To Edgerton, the consummate loner, homicide investigation is an isolated, individual pursuit. It is, in his mind, a singular contest between one detective and his killer, a contest in which the other detectives, the sergeants, the lieutenants and every other organism in the police department have no appropriate role beyond getting out of the primary detective’s path. This was, in essence, Edgerton’s strength and at the same time his weakness. Share and share alike would never be his credo, and consequently Edgerton would always be a source of discontent to his squad. But when he did catch a murder, he wouldn’t shirk.

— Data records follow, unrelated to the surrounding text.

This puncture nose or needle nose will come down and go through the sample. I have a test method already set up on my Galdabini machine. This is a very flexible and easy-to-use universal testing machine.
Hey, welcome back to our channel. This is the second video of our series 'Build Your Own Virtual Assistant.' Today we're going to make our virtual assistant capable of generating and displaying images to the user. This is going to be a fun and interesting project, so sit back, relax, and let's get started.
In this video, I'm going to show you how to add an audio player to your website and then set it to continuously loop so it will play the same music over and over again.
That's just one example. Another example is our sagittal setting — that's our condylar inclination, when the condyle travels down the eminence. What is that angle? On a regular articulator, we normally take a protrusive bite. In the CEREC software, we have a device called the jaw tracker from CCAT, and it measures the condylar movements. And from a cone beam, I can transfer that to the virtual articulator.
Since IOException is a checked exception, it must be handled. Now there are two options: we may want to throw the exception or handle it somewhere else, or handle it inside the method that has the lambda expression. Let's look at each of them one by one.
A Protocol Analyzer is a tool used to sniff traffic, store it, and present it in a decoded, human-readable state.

Unlike many detectives who learn to work a murder only until the phone rings with the next dispatcher’s call, Edgerton would bury himself in a case file until a sergeant came along to drag him kicking and screaming to the next assignment.

“It’s hell getting Harry to take a case,” explained Terry McLarney on one occasion. “You’ve got to grab him by the shoulders and yell, ‘Harry. This one’s yours.’ But once you do that, he’ll work it to death.”

No, Edgerton will not handle his share of suicides, overdose deaths, or cellblock hangings. He will not take orders for anyone else when traveling to Crazy John’s for a cheesesteak, and if asked to bring something back, he will surely forget. No, he will not be a workhorse like Garvey or Worden, a central force around whom the rest of a squad establishes its orbit. And it is true that when some rookie cop fires six-on-the-whistle at the scene of some gas station robbery, Edgerton will probably not volunteer to help sort through witness statements and collate reports. But, if left alone, he will give a squad eight or nine good clearances a year.

Having supervised Edgerton when the two were in the Eastern District, Nolan has for a long time understood the necessary tradeoff. Edgerton was one of the most talented, intelligent patrolmen in Nolan’s sector-even if the rest of the uniforms didn’t know what to make of him. He could be inconsiderate, at times even a little irresponsible, but nothing happened on that Greenmount Avenue post that he didn’t know about. The same was true up in homicide; Edgerton may drift off into the ether for a day or two, but Nolan could be assured that in the end, Harry’s cases would get worked. Hard.

“Don’t worry about it,” Nolan told Edgerton after one of Kincaid’s angry tirades. “You just keep doing what you’re doing.”